Is this sentence correct? If yes, I mean to emphasize in the sense that I could simply say:

Tomorrow will be *our* first game: מחר יהיה המשחק הראשון שלנו

Was it a misunderstanding and the above is correct? Hope so …


----------



## ismiv

Gwunderi said:


> Now I'm not sure anymore … I cite from Reverso again:
> 
> Tomorrow will be the first game *of ours*:  מחר יהיה המשחק הראשון של שלנו
> 
> Is this sentence correct? If yes, I mean to emphasize in the sense that I could simply say:
> 
> Tomorrow will be *our* first game: מחר יהיה המשחק הראשון שלנו
> 
> Was it a misunderstanding and the above is correct? Hope so …

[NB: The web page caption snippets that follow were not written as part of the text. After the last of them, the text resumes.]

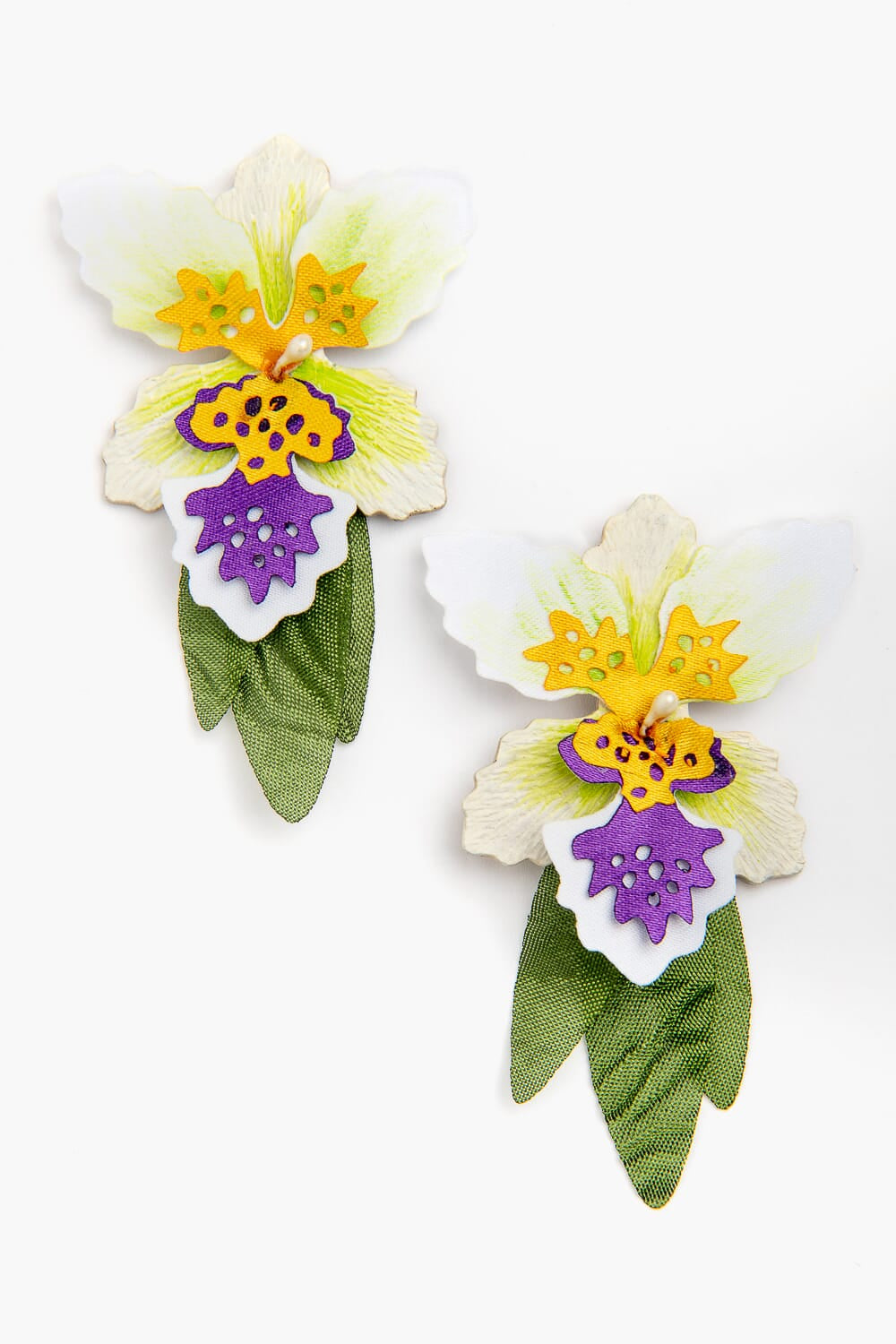 Pendientes en fruto de totumo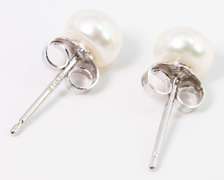 Sweet Pearl Earrings in Sterling Silver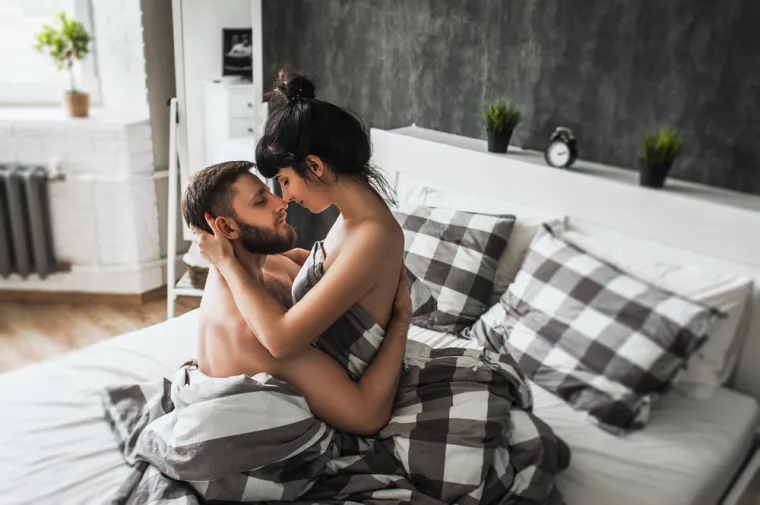 4.	Koliko ti je važna fizička intimnost u vezi? Kakva su tvoja očekivanja i potrebe? Kako osigurati da su potrebe obje strane zadovoljene?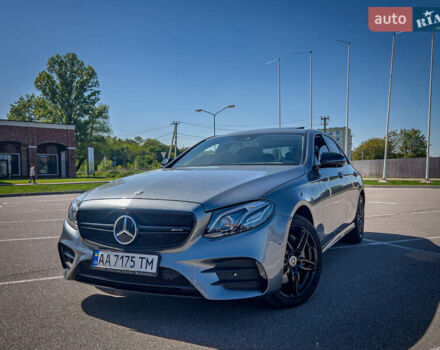 Серый Мерседес Е-Класс, объемом двигателя 1.95 л и пробегом 175 тыс. км за 29900 $, фото 1 на Automoto.ua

Sorry, but no misunderstanding about that . The example you cited from Reverso is wrong. של שלנו is not used that way. 
The example is probably a false literal translation: "of" means "של", and "ours" means שלנו , hence "of ours" was translated של שלנו.


----------



## hadronic

Monstrosities : the sentences are just translated literally. "Shut up" is translated as "shut"  (= "close", סגר/נסגר)  + "up"  (למעלה) , giving נסגר למעלה ("to close upstairs/up there "), whereas it is an English idiom meaning "keep your mouth shut!" (תשתוק!).


----------



## Gwunderi

ismiv said:


> Sorry, but no misunderstanding about that . The example you cited from Reverso is wrong. של שלנו is not used that way.
> The example is probably a false literal translation: "of" means "של", and "ours" means שלנו , hence "of ours" was translated של שלנו.



Oh, thanks a lot. But I don't feel sure when של שלנו / של שלי etc. is allowed (not wrong) and when not, so I better avoid it and repeat the substantive. Sure is sure 



hadronic said:


> Monstrosities : the sentences are just translated literally. "Shut up" is translated as "shut"  (= "close", סגר/נסגר)  + "up"  (למעלה) , giving נסגר למעלה ("to close upstairs/up there "), whereas it is an English idiom meaning "keep your mouth shut!" (תשתוק!).



In German that would than be "Schliesse hinauf" and in Italian "chiudi su" (in French I'm not sure: "Ferme sur / ferme vers le haut" ?) - better shut up than deliver such monstruous translations 
Edit: Now I think I understand also the second too litteral translation 

תודה רבה לכולם
גבונדרי


----------